Property’s Favorite Trinities of 2014

Because everyone should consider living in a home that's unique to Philadelphia.

TREND photo via Fox & Roach Realtors.

TREND photo via Fox & Roach Realtors.

We recently did a roundup of the best houses we’ve featured this year, but a keen eye might have noticed one type of home missing: the trinity house.

For those of you scratching your heads, a trinity is a three-level home with one room per floor. Obscure little blogs that haven’t been updated since the late aughts will tell you the trinity style got its start in Philadelphia in the late 18th / early 19th centuries. As such, they tend to be considered “unique to Philadelphia.”

Given the compactness of these homes, bedrooms are usually restricted to no more than two, meaning they might favor a certain kind of demographic, as Liz Spikol once noted when writing about an adorable trinity for rent in Old City:

Many Philadelphians are intrigued by the trinity, but buying one is such a commitment: It means, basically, that you’ll never have children.

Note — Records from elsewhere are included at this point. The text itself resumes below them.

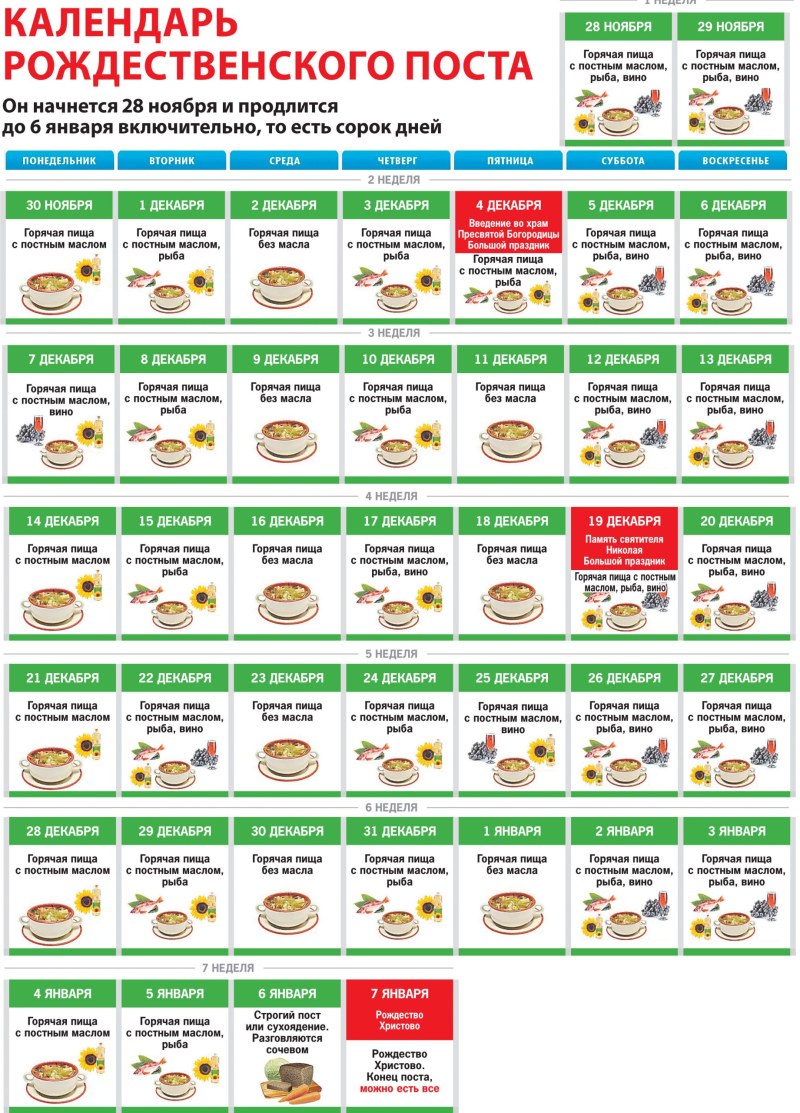 Список продуктов для завтрака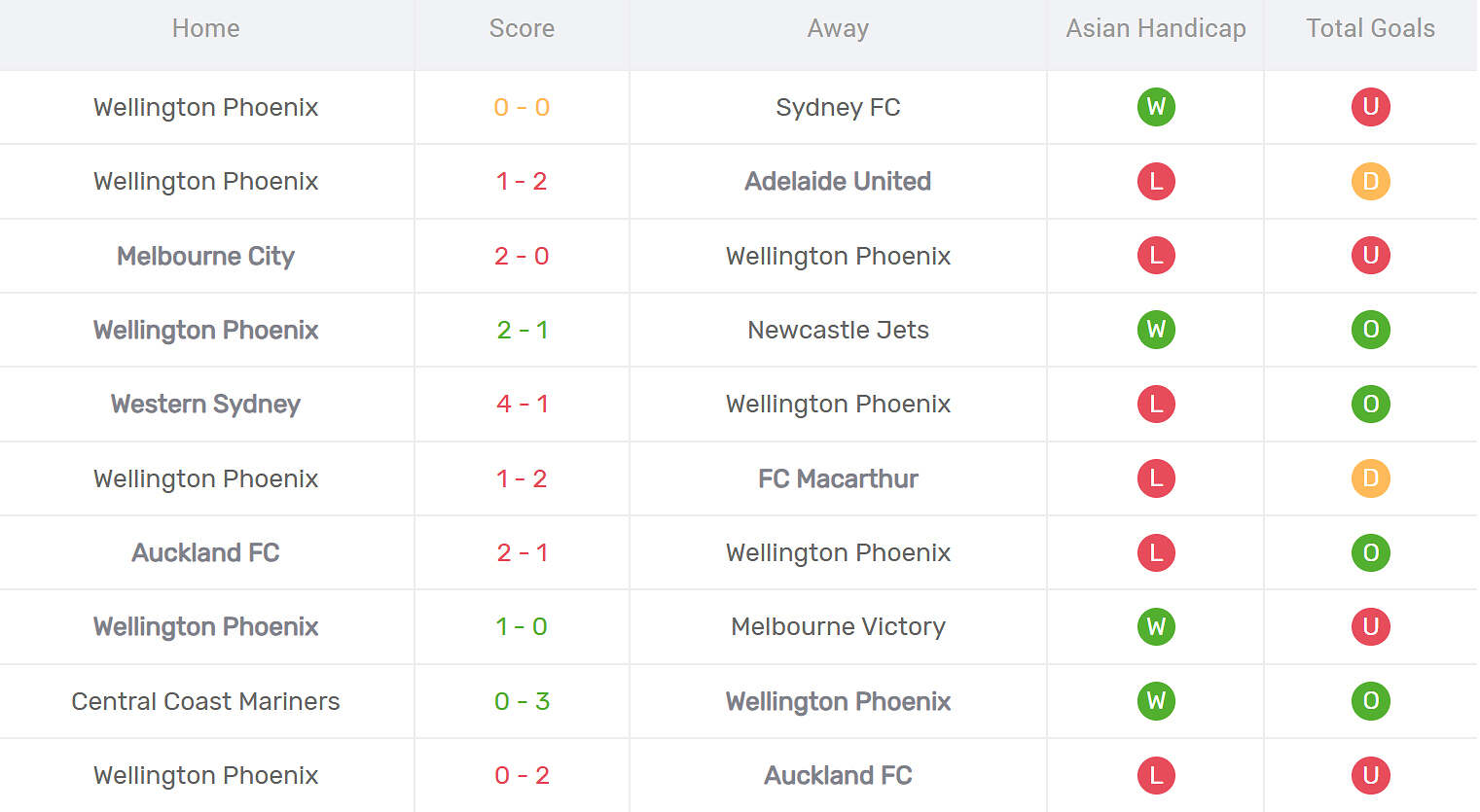 Kết quả thi đấu của Wellington Phoenix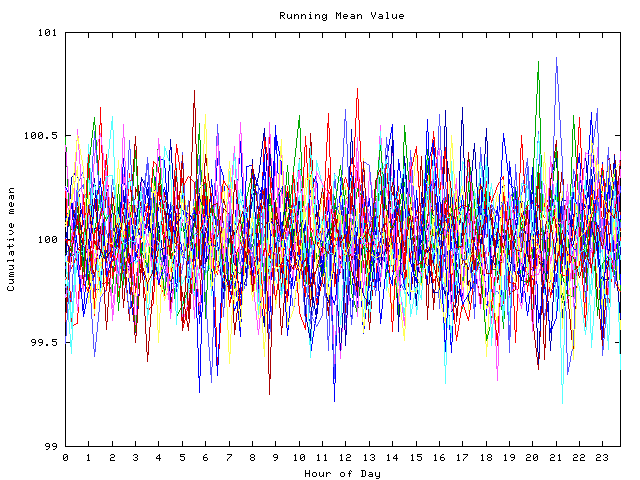 Mean deviation plot for indiv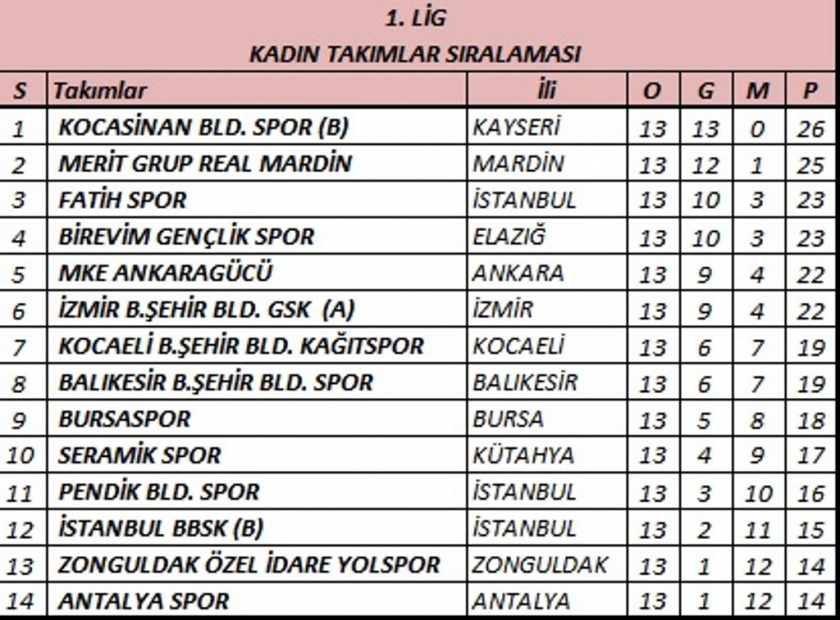 KAYSERİ’NİN GURURU KOCASİNAN’IN MASA TENİSİ TAKIMI YİNE LİDER OLDU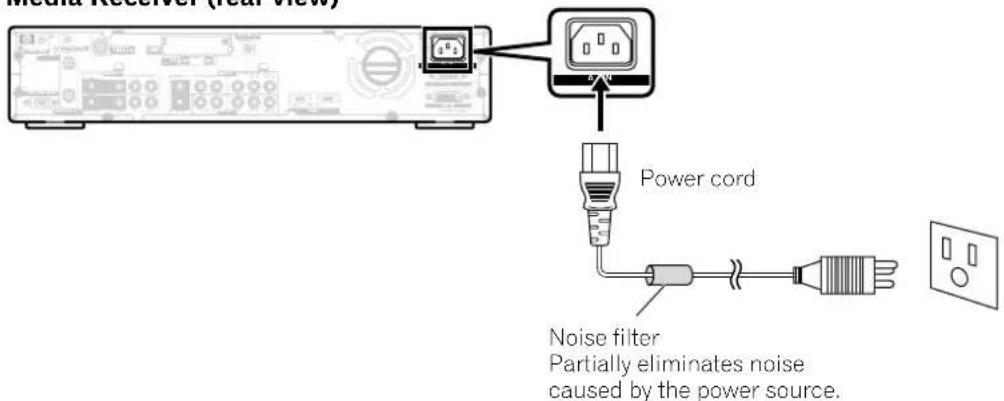 PIONEER PDP4340HD - Connecting the power cord - 2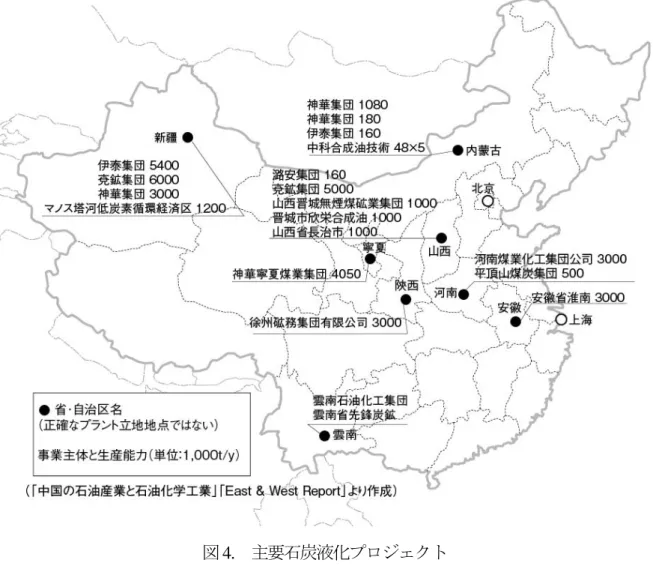 図 4.  主要石炭液化プロジェクト 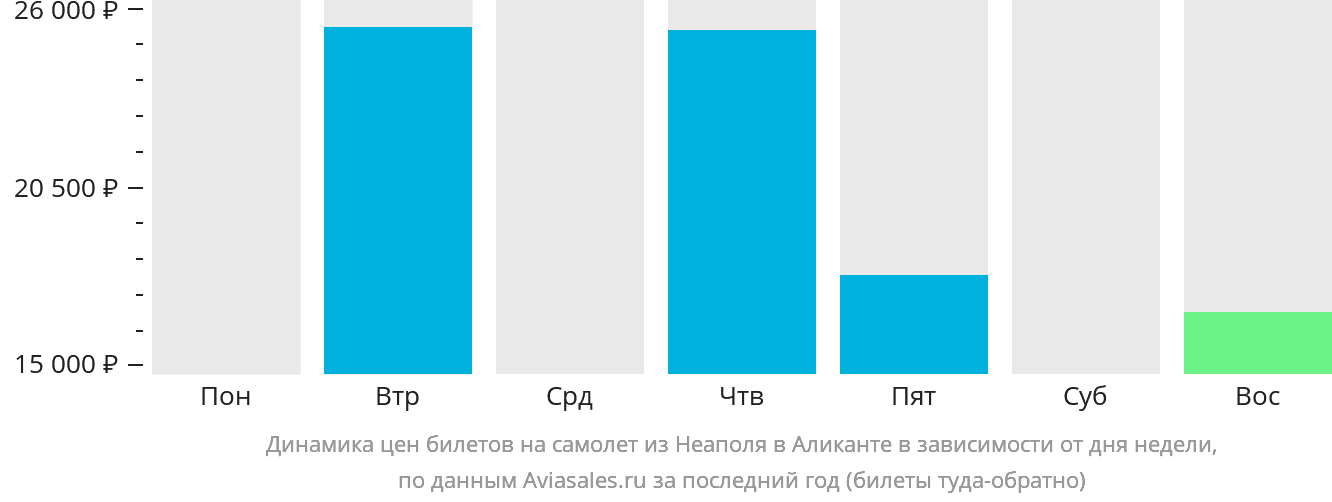 Динамика цен билетов на самолёт из Неаполя в Аликанте в зависимости от дня недели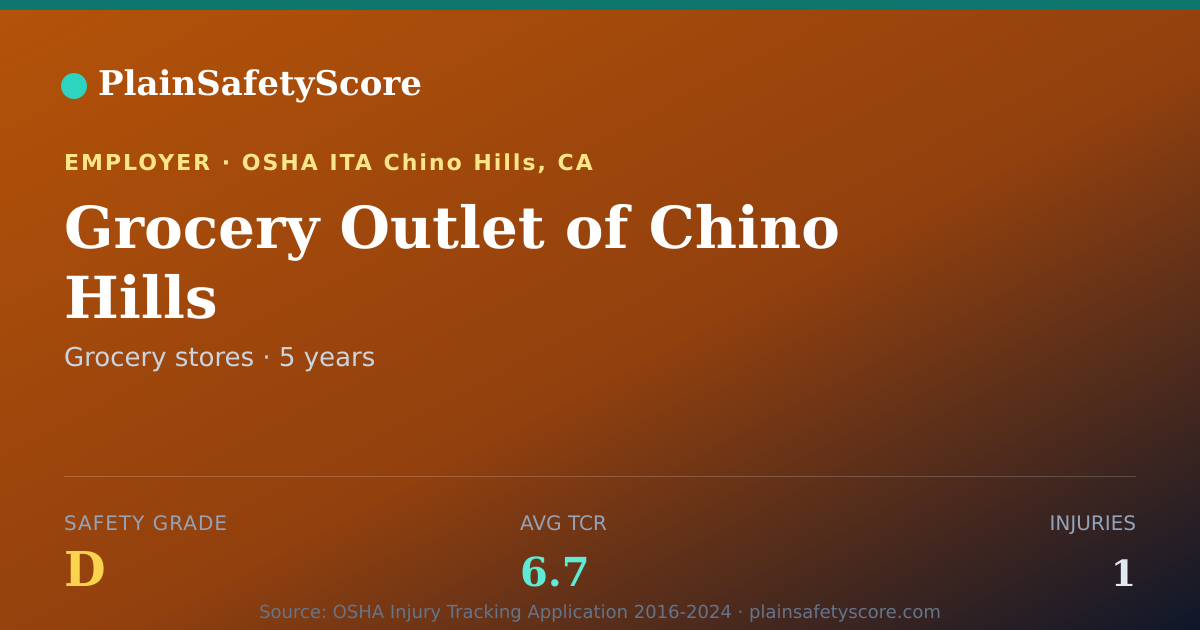 Shareable card for Grocery Outlet of Chino Hills Safety Grade D (TCR 6.7)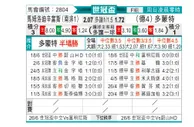 [世俱杯] 马梅洛迪日落vs多特蒙德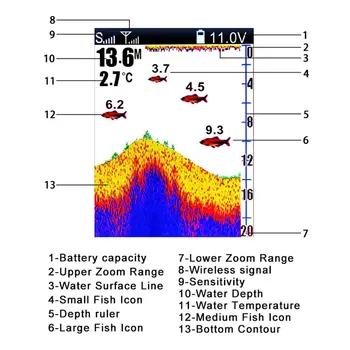FF918CWLS Bezdrôtovej Prevádzky Echo Ryby Finder 980 Nohy Prevádzkový Rozsah 45 Stupňov Detekciu Kamera Detektora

I’ve known more than one person who’s purchased a trinity while single and then had to sell once they met someone with whom they might procreate.

For some of us, that’s no problem. (I recently confessed to anyone that would listen that my life’s goal is to live in a trinity house with five puppies.) But even if living out your days in a distinctive home that was around before the Civil War (as one on this roundup was) is not something you’d consider, it’s nice to be aware of the quirkier parts of historical Philadelphia.